The other day I attended a Webinar on Big Data vs. Systems Theory hosted by the MIT Systems design & management group which offers free, and usually very good, webinars. I recommend them to anyone interested in data driven management using systems and processes. The specific lecture was “Move Over, Big Data! – How Small, Simple Models can yield Big insights” given by Dr. Larson. The lecture was very good – it discussed some of the pitfalls we might be likely to fall into with large data sets, and how algorithmic evaluation can alternatively get us to the same place, but in a different way.
Great points raised within the lecture were:
Always consider the average as a distribution (i.e. a confidence interval) , and compare to its median to avoid some of the pitfalls of averages.
Outliers are easy to dismiss as noncontributory – but when your outlier causes significant effects on your function (i.e. ‘black swans’) you’d better include it!
Averages experienced by one population may be different than averages experienced by another. (a bit more sophisticated than the N=1 concept)

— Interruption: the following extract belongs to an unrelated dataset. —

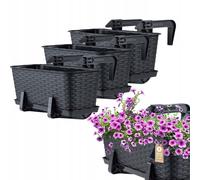 KADAX Fioriera da balcone 40 cm con base e maniglie Antracite - Set 3 pezzi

There was a neat discussion of Queues with Little’s law cited – L=lambda W where L=time average # of customers in system, lambda is average arrival rate and W- mean time spent by customers in the queue. M/M/K queue notation cited. Dr. Larson’s Queue Inference Engine (using a poisson distribution) was reviewed. You can find some more information about the Queue inference engine here. The point was that small models are an alternative means to sassing out big data than simply using statistical regression. I’ll admit to not knowing much about queue theory and Markov chains, but I can see some interesting applications in combination with large datasets. Much along the lines of an ensemble model, but including the queue theory as part of the ensemble… Unfortunately, as Dr. Larson noted, much like in the linear models we have been approaching, serial queues or networked queues require difficult math with many terms. The question yet to be answered is – can we provide the best of both worlds?